-- DATA follows --

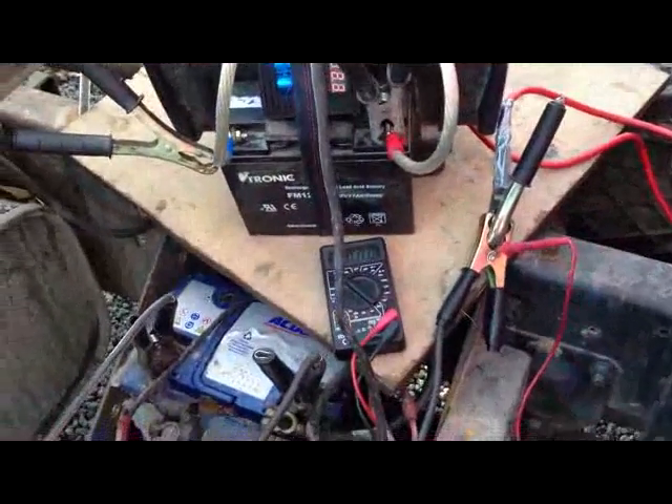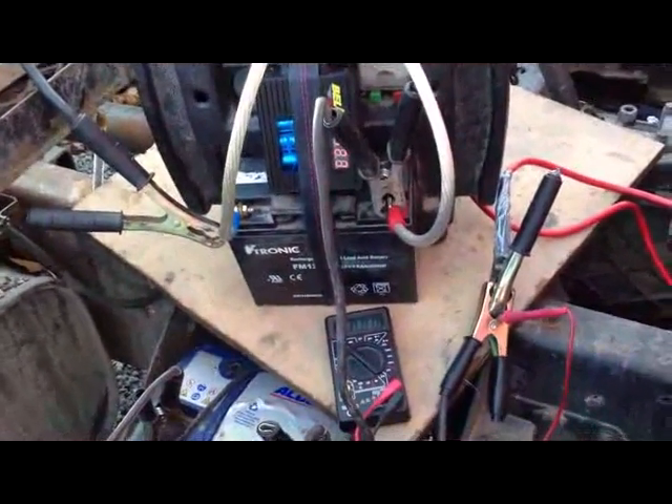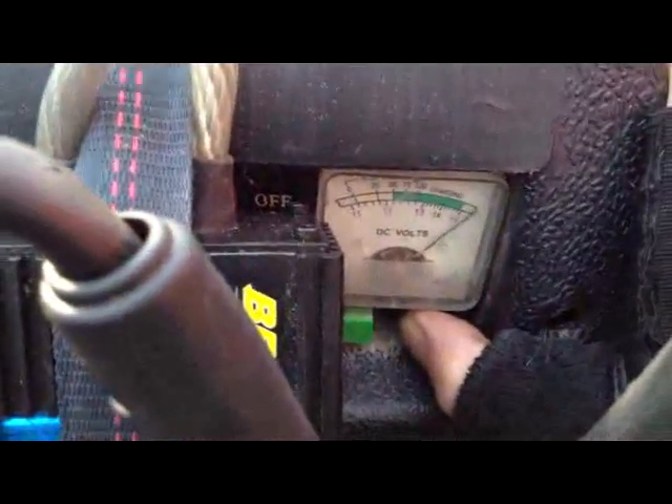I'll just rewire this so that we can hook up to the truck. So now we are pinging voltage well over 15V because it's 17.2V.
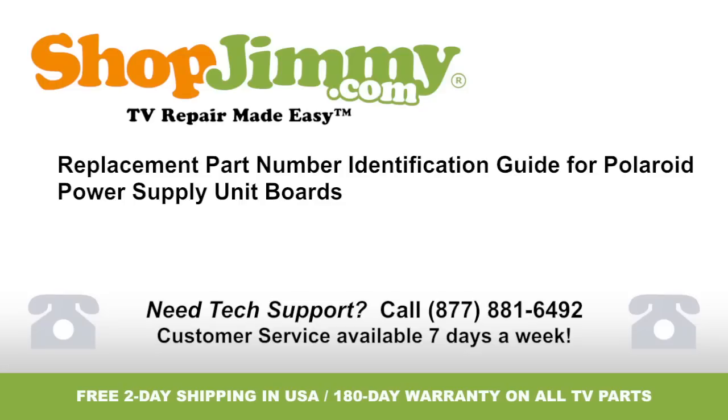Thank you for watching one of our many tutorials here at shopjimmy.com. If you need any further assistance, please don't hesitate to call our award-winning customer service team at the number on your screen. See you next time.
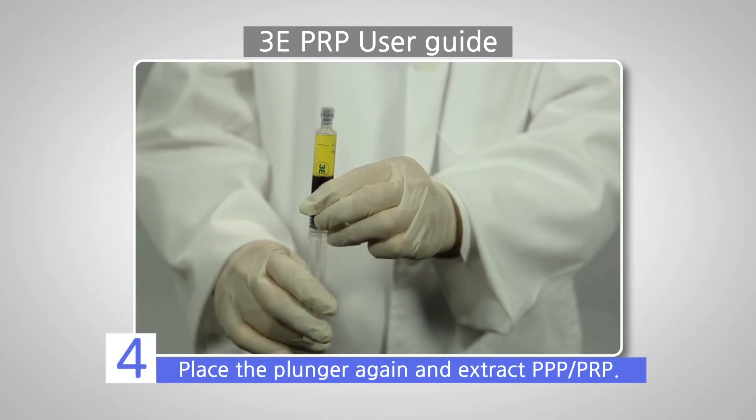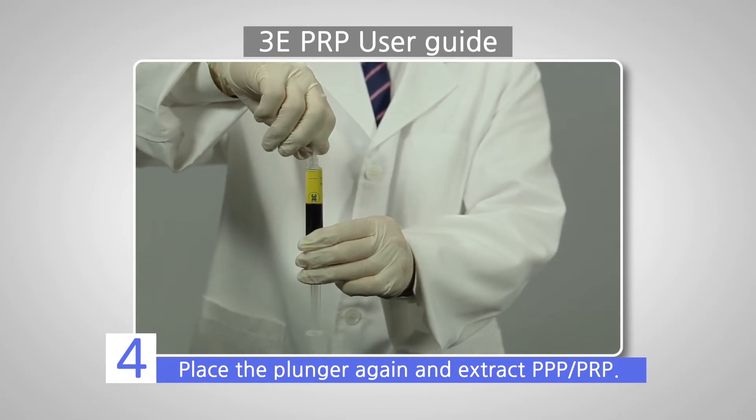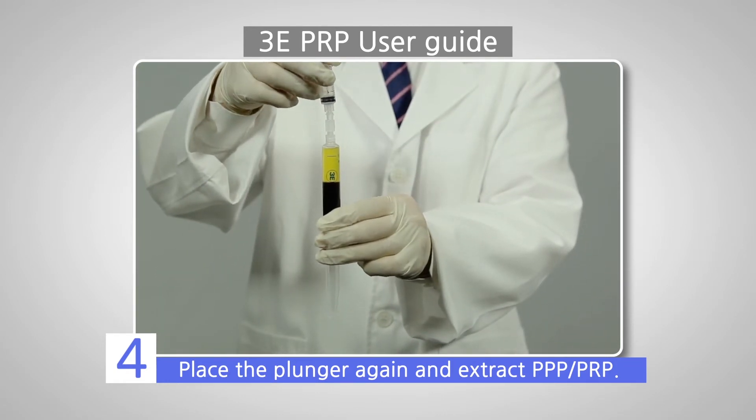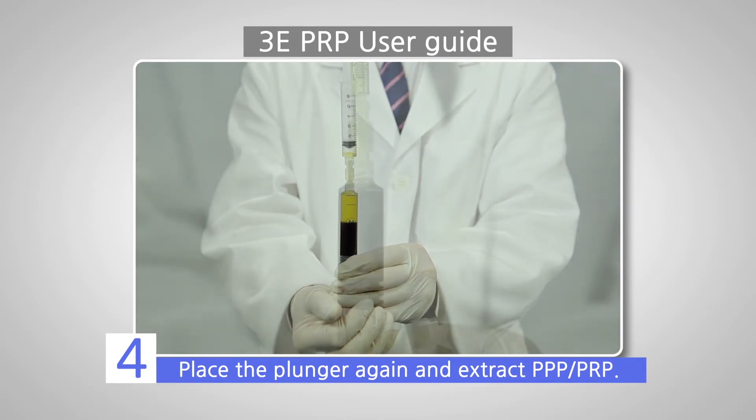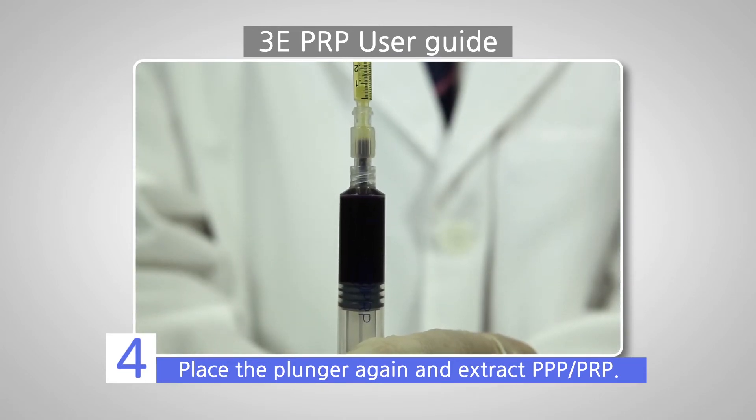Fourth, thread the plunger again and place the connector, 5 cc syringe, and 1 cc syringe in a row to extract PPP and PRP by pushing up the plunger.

-- DATA concluded --

WHAT IS EXPECTED ▸
Please print the data above in its entirety, exactly, but without any picture.

TASK SOLUTION ▸
I'll just rewire this so that we can hook up to the truck. So now we are pinging voltage well over 15V because it's 17.2V.
Thank you for watching one of our many tutorials here at shopjimmy.com. If you need any further assistance, please don't hesitate to call our award-winning customer service team at the number on your screen. See you next time.
Fourth, thread the plunger again and place the connector, 5 cc syringe, and 1 cc syringe in a row to extract PPP and PRP by pushing up the plunger.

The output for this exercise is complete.